Ceph

If we get a log with 2k deletes, we send 2k deletes in a single transaction to the filestore. That transaction must complete before peering can progress. Worse, it's likely that most of the other pgs on the osd have the same problem and also pushed a similarly sized transaction onto the queue. This is not a good thing. Instead, we need to delete these objects lazily without flooding the queue or blocking peering.

pg_log_t:
/// deletes > lazy_deletes_competed_to may not be reflected in the store
eversion_t lazy_deletes_completed_to;

We need to maintain a record of how far our lazy deletion has gotten. Of course, once it catches up to head, we simply update it with each additional op.

Is it better to have a look-aside set of pending lazy deletes than a single lazy_deletes_completed_to line persisted along with the pg log? That would avoid after peering considering deletes which we did complete as pending lazy simply because they are after the line. Could instead be a flag on the pg_log_entry_t, but we don't want to send it on the wire (irrelevant to the recipient, and might be erroneously not wiped before the recipient persists it).

We also need to be careful about trimming log entries which represent uncompleted pending lazy deletes. That would be a virtue of the look-aside set, we can trim the log entry without removing the object from the lazy delete set. Or, we could atomically delete the object along with the log entry trim (assuming such transactions only trim a small enough bounded set -- which I think they don't).

PG:
virtual ObjectContextRef create_pin_lazy_delete(const hobject_t &hoid) = 0;
virtual void release_pinned_lazy_delete(const hobject_t &hoid) = 0;

ObjectContext:
bool marked_for_lazy_delete;

ReplicatedPG:
map<hobject_t, ObjectContextRef> pending_lazy_deletes;

During activation, we need to prepopulate the above with state for each object which needs to be lazily deleted.
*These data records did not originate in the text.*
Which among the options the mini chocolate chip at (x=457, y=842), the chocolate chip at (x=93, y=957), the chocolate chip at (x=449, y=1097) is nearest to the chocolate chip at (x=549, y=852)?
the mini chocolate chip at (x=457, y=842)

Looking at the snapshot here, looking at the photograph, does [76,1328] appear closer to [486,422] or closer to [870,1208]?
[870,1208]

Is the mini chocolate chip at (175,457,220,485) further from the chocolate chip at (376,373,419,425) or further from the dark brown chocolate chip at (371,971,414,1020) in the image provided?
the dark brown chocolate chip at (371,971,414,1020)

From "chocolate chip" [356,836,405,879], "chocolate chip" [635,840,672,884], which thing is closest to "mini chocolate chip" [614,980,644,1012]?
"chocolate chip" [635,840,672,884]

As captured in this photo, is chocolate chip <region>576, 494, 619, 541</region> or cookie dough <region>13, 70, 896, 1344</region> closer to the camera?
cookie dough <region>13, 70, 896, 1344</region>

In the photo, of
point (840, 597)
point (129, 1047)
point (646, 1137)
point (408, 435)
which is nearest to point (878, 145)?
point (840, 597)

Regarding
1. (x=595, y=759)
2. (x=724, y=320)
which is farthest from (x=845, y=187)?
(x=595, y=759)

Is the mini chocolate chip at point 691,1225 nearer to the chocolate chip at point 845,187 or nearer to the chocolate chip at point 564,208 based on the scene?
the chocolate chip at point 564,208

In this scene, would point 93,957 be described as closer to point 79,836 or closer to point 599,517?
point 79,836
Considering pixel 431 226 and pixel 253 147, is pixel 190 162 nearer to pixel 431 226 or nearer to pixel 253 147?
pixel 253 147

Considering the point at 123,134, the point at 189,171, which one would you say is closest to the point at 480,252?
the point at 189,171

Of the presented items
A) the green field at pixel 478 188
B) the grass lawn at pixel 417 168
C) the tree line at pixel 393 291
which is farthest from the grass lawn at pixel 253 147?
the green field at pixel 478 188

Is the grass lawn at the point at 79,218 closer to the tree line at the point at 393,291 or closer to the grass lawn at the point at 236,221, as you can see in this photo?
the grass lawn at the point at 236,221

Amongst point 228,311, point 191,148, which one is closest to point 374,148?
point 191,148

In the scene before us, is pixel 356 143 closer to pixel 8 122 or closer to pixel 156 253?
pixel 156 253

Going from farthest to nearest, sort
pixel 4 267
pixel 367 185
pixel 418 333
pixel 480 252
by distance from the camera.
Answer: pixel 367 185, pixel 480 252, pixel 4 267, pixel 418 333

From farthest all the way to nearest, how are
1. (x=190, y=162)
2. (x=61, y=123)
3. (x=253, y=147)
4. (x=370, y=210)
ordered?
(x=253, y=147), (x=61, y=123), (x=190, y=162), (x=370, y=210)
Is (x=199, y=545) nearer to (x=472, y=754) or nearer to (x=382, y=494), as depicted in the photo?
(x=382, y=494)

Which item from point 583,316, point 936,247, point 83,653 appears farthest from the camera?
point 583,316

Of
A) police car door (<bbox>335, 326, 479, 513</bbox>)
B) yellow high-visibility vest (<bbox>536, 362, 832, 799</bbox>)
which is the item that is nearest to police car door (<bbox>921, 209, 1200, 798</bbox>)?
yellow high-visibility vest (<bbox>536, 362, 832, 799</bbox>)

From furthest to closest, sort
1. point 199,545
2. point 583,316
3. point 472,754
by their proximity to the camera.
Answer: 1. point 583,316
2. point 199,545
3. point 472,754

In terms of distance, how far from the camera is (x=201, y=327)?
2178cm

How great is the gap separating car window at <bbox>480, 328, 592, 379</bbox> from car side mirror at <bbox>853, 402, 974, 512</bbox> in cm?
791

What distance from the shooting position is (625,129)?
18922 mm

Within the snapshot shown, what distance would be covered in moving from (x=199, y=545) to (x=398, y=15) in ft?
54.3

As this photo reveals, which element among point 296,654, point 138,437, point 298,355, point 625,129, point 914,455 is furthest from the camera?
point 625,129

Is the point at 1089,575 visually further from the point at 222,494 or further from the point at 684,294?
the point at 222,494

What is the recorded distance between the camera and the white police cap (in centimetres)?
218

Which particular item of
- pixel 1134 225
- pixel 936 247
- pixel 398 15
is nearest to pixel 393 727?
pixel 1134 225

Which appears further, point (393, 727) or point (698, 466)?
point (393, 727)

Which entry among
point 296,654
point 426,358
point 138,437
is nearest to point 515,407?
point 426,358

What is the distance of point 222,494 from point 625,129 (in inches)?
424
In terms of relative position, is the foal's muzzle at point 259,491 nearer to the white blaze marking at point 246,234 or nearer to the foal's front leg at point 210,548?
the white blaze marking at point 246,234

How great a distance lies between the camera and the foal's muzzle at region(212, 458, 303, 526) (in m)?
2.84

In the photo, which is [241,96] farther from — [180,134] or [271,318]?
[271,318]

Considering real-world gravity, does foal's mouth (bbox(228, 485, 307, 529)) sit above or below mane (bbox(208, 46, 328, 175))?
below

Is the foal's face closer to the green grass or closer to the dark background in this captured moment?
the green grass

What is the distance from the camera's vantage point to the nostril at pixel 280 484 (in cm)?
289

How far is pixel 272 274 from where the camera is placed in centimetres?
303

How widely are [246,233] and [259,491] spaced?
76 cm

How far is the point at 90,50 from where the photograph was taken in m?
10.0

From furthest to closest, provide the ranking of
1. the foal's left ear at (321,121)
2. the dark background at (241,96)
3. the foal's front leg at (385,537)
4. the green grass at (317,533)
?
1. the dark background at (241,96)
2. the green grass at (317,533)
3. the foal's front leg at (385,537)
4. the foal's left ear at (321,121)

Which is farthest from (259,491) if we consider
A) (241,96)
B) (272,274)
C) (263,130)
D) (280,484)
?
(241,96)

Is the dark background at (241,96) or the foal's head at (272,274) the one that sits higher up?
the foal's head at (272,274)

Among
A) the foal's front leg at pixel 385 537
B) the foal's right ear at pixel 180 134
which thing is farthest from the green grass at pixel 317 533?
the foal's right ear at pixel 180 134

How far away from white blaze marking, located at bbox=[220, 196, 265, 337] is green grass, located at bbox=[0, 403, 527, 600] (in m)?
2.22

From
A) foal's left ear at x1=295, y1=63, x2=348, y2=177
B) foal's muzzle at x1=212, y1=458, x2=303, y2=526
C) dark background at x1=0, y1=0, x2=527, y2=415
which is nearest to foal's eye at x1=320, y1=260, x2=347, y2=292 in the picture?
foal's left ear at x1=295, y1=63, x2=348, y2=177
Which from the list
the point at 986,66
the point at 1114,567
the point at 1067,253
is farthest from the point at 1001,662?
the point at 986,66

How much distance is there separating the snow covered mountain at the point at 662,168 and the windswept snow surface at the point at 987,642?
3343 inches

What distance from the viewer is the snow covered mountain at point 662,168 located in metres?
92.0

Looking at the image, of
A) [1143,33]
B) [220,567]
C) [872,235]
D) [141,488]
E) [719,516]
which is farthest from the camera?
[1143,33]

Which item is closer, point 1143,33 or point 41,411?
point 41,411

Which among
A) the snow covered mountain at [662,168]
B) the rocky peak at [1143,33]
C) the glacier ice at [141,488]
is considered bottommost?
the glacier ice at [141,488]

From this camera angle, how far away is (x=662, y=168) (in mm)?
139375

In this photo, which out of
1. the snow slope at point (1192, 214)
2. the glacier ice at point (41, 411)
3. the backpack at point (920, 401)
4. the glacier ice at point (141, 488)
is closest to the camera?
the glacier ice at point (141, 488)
When we get a write on such an object (marked_for_lazy_delete = true), we prepend a delete to the resulting operation buffer (setting marked_for_lazy_delete to false if it gets submitted).

While there lazy_deletes_completed_to != last_update (even for non-active pgs!), we also lazily (using the unified op queue) work in log order N deletes at a time through the log starting at and atomically updating lazy_deletes_completed_to as we go. If the osd is active for the pt, as each lazy deletion is submitted to the filestore, we update marked_for_lazy_delete to false, unpin the obc, and take a write lock.

Note, the distinction between active and non-active above requires some care around peering and activation to avoid queueing a lazy delete before we are tracking object contexts, but after the usual activation flush has been requested.

In general, the above framework differs from the usual background machinery in one annoying way: it's basically independent of interval. Even if we go through an interval change and are no longer active, we should still finish the lazy deletes (at a lower priority?).

Another challenge is that the in-memory state above is necessary for active replicas as well since the primary neither knows nor cares about the replica's lazy deletion status. The replica needs to be sure to prepend primary writes with a delete in the event that the object has not yet been lazily deleted. This seems to overlap with the requirements for replica side locking for replica reads and should probably use the same structure (distinguish part of the object context as valid/required on the replica?).

Since, again, the primary neither knows nor cares about the replica's lazy deletion state, it makes sense to go clean independent of lazy deletion. Scrub, therefore, needs to be smart about filtering out objects which it sees which are in the lazy deletion state.